Wir wissen, dass es immer wieder Kollisionen von Asteroiden und Kometen mit Planeten gibt. Wir wissen, dass dabei Trümmer von einem Planeten zu einem anderen gelangen können. Wir haben auf der Erde schon 105 Meteoriten gefunden, die eindeutig vom Mars stammen. Und wir wissen, dass es zumindest auf der Erde jede Menge Organismen gibt, die unter Extremen Bedingungen existieren können; darunter auch welche die im Inneren von Gestein leben. Wir wissen allerdings noch nicht ob es irgendwo anders im Weltall Leben gibt und wir wissen nicht, ob das Leben durchs Weltall zur Erde kam. Aber dank einer neuen wissenschaftlichen Studie wissen wir nun, dass die Erde mit großer Wahrscheinlichkeit ihr Leben ins All exportiert hat!
Rachel Worth von der Pennsylvania State University und ihre Kollegen haben untersucht, was mit Trümmerstücken von der Erde passiert, die bei Asteroidenkollisionen entstehen. Was passiert mit ihnen, landen sie vielleicht auf anderen Planeten und wenn ja, auf welchen? (“Seeding Life on the Moons of the Outer Planets via Lithopanspermia”). Die Ergebnisse sind faszinierend.
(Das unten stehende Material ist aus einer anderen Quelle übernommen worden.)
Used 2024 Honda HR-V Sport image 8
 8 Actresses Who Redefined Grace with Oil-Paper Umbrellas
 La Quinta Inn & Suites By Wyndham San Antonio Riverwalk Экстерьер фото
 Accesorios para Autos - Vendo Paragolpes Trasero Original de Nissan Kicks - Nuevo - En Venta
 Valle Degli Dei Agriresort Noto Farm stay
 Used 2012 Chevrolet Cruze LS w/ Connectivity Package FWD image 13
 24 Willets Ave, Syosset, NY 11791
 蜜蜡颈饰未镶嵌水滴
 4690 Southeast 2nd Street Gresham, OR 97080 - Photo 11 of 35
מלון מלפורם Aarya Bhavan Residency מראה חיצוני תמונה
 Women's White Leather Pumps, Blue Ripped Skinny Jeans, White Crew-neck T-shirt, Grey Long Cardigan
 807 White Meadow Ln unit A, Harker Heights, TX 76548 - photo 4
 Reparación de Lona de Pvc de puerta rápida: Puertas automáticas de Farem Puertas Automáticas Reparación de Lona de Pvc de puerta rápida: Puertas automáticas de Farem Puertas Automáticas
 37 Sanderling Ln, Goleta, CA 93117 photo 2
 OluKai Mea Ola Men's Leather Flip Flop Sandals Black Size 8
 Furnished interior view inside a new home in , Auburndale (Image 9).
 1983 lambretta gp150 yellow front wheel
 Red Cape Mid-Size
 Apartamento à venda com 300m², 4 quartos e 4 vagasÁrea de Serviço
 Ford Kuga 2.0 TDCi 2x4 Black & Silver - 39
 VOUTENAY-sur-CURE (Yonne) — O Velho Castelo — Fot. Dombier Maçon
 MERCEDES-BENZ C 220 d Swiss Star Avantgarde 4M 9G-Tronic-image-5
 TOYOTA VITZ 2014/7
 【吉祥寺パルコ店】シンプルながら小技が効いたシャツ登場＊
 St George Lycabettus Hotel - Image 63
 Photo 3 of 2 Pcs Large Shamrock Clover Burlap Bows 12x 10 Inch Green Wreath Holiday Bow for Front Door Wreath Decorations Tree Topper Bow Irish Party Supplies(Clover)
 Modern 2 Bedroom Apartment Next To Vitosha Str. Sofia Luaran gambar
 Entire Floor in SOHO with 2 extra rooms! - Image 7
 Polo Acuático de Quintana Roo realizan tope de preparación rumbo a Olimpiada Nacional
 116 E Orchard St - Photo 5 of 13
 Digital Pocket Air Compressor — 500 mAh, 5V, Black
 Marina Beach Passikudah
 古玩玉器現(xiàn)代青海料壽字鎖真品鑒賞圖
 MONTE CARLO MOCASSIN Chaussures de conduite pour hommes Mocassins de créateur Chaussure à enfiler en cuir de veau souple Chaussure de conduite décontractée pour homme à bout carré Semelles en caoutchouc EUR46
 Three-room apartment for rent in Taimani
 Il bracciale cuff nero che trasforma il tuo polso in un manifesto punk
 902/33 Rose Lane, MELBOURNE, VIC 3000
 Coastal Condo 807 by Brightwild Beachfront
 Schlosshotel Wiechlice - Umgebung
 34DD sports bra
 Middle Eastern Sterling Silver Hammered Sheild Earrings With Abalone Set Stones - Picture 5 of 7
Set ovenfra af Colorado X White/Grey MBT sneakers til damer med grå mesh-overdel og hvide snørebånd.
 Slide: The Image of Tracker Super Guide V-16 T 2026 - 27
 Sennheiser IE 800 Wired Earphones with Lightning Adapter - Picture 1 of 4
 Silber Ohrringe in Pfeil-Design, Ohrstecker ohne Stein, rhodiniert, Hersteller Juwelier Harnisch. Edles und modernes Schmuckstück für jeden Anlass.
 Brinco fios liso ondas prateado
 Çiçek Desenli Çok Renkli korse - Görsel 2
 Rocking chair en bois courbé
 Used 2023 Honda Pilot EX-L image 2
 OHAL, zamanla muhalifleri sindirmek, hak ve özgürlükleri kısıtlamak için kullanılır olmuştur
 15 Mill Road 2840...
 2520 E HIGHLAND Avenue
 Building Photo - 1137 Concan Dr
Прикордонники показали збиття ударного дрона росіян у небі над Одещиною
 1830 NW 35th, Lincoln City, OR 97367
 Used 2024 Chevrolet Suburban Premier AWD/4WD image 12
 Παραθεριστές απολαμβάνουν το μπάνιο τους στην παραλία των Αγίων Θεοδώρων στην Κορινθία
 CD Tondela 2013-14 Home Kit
Natürlich kann man nicht wirklich exakt berechnen, was bei so einer Kollision abläuft. Das ist ein ziemlich chaotischer Vorgang und er läuft jedes Mal anders ab. Aber man kann so etwas am Computer simulieren und das auf viele verschiedene Arten. So erhält man einen Überblick über das was möglich ist, über das was nicht möglich ist und das was wahrscheinlich ist. Genau das haben Worth und ihre Kollegen getan. Sie haben jeweils über 40.000 Trümmerstücke von Mars und Erde simuliert, am Computer ihre Bahnen durchs Sonnensystem für 10 Millionen Jahre verfolgt und nachgesehen, wo sie gelandet sind (und dazu übrigens ein Computerprogramm benutzt das ich hier im Blog auch schon vorgestellt habe).
Von den Trümmern der Erde sind die meisten in einer Umlaufbahn um unseren Planeten geblieben: Knapp 40 Prozent haben die Umgebung der Erde während der 10 Millionen Jahre nicht verlassen. Ebenfalls knapp 40 Prozent sind wieder zurück auf die Erde gefallen. 5 Prozent flogen ganz aus dem Sonnensystem raus und 1,5 Prozent stürzten in die Sonne. Aber die restlichen knapp 14 Prozent landeten bei anderen Planeten. Die Mehrheit bei unserem großen Nachbarn, der Venus, die immerhin 13 Prozent für sich beanspruchen konnte. Der leichte Mars konnte sich nur 0,18 Prozent der Trümmerstücke schnappen. Der ferne aber schwere Jupiter hat noch 0,41 Prozent der Meteoriten abbekommen und 3 Bruchstücke (0,0069 Prozent) landeten sogar bei Saturn.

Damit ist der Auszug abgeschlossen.